Two tilt-rotor aircrafts called Osprey
joined a combined military exercise of Japanese Ground Self-defense Force and
United States Marine Corp in Eniwa, Hokkaido, on Friday. It was the first
opportunity for the Ospreys to participate in an exercise in Japan after the
severe accident offshore Australia on August 5th. While the Japanese
rely on the technology of shooting ballistic missile down with missile, they
never believe in the technology of tilt-rotor aircraft. Civil groups protested
the exercise with Ospreys outside the base.
Ospreys had been planned to join the
exercise from last week. After the crush in Australia, Japanese government
required United States Force to refrain from flying of those aircrafts until
thorough investigation on the accident would be made. Ignoring broad uneasiness
of the Japanese, U.S. Force kept on flying Osprey and did not change the plan
to let them join the exercise in Hokkaido.
Two Ospreys left U.S. Misawa Airbase in
Aomori in Friday morning and landed at Hokkaido Major Exercise Field. 160
members of GSDF 11th Brigade stationed in Sapporo joined the drill
of riding and getting off the aircraft separated in groups each of which
consisted of 20 members. Ospreys were witnessed rotating above the land for
many times and they returned to Misawa in early afternoon.

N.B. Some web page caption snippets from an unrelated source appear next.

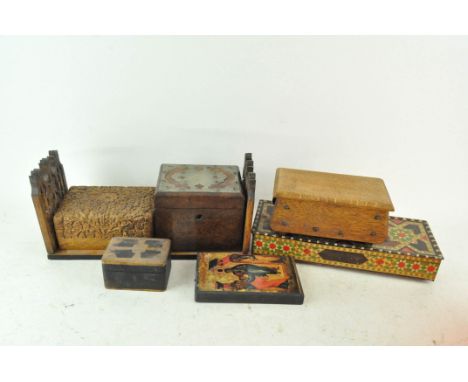 A collection of boxes to included a tea caddy and various other boxes
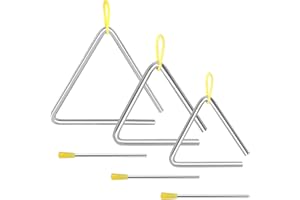 EASTROCK Triángulo Instrumento 3 paquetes 4 5 6 pulgadas Juego de instrumentos de percusión mano triángulos con golpeador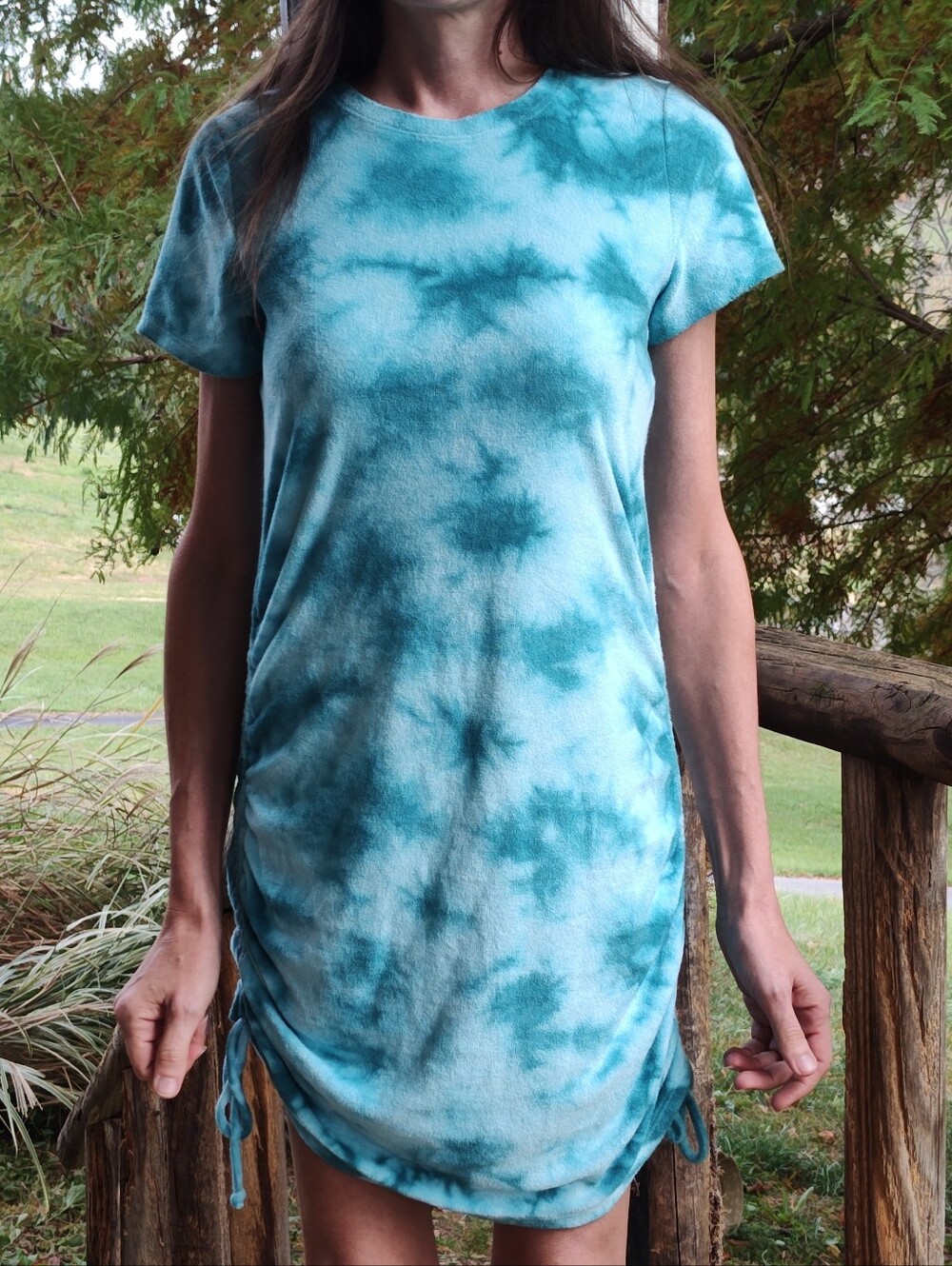 PINK Victoria's Secret Teal Tie-Dye Short Sleeve Terry Cloth Beach Dress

United States Force explained that Osprey
is indispensable for military operations in Japan along with rising tension
with North Korea, which keeps on intimidating United States and Japan with its
missile and nuclear capability. Those Ospreys is stationed in U.S. Futenma
Marine Base in Okinawa, where the people have been protesting the deployment of
them. They could not accept new type of aircraft in Futenma, where both Japan
and U.S. government promised removing danger from, or in Okinawa, where
Japanese government promised to reduce their burden stemming from U.S. military’s
occupation of the land.
Exercise in Hokkaido is one of the ways to
reduce the burden of Okinawa. Having realized that necessity, the civil groups
protested the drill including Ospreys, because they have caused severe accidents
mostly every year. Some members of peace group chanted “Osprey, go home!” in
front of a railway station close to the exercise field. “While it once was as
bold as requiring self-restraint, Japanese government turned its back to the
people after persuaded by U.S. We are worried about falling down of the
aircrafts,” told a housewife living in a city around. This is a failure of
Japanese government in informing them.